The short-term problem is lower spending at large consumer-goods advertisers like Unilever and Nestlé, who are under pressure from investors to cut costs. Deeper problems include advertisers cutting out middlemen like WPP by going straight to digital giants Google and Facebook. Sorrell reckons the latter is overstated, while the former will reverse as companies return to advertising as the only way to boost sales in a slow-growth world.
Perhaps, but Thursday’s results imply more pain ahead. Sorrell is pursuing a “simplification of structure” to tidy up the sprawling group that’s grown through scores of small acquisitions. He’s setting budgets based on flat sales and a flat operating margin in 2018. WPP may end up beating that, since a torrid 2017 will flatter this year’s growth figures, while the soccer World Cup typically induces clients to spend more on high-margin TV ads. Having originally estimated 2 percent growth last year, Sorrell is probably being over-cautious for fear of further harming the credibility of WPP’s forecasts.

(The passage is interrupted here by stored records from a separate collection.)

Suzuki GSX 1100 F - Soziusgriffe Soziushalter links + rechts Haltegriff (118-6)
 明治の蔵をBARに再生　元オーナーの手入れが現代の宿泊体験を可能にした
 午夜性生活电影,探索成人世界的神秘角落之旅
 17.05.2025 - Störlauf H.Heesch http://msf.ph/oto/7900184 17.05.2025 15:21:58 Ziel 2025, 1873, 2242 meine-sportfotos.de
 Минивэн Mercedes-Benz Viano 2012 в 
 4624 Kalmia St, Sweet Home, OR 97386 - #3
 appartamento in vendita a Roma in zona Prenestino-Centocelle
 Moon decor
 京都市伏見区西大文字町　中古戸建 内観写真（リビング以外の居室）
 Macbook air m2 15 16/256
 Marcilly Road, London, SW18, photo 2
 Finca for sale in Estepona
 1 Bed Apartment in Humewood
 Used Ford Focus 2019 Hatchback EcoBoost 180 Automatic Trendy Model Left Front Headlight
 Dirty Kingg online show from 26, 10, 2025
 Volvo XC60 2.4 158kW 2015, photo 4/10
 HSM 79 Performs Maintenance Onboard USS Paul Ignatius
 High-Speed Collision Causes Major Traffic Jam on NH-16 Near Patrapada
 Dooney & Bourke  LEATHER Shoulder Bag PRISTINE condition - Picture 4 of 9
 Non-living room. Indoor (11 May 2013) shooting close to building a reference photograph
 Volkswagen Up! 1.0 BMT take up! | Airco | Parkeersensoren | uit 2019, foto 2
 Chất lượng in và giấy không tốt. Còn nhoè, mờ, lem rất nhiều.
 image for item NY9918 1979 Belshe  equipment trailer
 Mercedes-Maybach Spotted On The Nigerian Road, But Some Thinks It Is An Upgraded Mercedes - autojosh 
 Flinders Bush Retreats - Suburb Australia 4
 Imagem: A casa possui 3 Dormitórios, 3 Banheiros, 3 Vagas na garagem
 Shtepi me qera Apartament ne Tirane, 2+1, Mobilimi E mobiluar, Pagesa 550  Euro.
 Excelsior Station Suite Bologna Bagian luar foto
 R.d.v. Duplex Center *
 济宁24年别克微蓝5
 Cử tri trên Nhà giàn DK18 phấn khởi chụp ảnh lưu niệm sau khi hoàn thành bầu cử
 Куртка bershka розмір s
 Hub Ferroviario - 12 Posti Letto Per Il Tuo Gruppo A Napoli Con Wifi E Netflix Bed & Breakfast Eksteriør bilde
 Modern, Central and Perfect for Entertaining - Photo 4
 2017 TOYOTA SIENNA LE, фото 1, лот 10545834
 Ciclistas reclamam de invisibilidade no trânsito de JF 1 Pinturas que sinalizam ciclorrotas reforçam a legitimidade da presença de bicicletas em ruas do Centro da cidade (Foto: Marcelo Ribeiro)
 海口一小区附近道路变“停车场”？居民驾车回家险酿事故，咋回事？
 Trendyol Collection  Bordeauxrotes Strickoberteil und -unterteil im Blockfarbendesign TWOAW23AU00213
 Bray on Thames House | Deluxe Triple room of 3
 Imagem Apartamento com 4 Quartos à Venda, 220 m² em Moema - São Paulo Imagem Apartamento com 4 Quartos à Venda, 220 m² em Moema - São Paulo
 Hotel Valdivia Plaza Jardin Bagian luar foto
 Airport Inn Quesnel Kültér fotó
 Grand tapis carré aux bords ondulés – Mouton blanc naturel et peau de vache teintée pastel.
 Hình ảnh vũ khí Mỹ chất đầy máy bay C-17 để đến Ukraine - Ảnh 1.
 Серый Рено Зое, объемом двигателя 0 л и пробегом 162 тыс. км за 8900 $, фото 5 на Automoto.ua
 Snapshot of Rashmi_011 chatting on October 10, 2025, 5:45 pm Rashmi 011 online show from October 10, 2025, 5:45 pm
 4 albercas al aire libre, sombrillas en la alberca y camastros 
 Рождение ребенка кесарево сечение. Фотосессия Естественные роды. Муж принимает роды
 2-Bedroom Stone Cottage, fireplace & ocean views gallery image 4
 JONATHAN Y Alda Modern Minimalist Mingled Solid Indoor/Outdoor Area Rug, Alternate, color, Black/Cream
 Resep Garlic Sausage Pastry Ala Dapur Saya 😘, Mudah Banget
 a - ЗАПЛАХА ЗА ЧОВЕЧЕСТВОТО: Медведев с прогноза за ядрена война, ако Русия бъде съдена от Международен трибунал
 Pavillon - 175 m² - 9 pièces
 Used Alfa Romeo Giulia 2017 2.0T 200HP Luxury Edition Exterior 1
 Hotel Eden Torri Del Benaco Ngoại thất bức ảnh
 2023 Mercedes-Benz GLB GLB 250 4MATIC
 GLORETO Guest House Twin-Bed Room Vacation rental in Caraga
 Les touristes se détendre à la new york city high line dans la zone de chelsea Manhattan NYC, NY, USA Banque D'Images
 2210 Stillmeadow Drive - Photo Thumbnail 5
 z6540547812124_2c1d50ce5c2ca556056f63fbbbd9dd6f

The bigger red flag is WPP’s new long-term target of growing earnings per share by 5 to 10 percent each year. As recently as October, that was 10 to 15 percent. Take the low end of the new target and strip out around 2 to 3 percent for share buybacks and the same again for acquisitions. That implies “organic” earnings growth would be flat. Granted, that’s the bottom range of Sorrell’s target. But if adland’s most prominent chief executive is bracing for stagnation, investors are apt to do the same.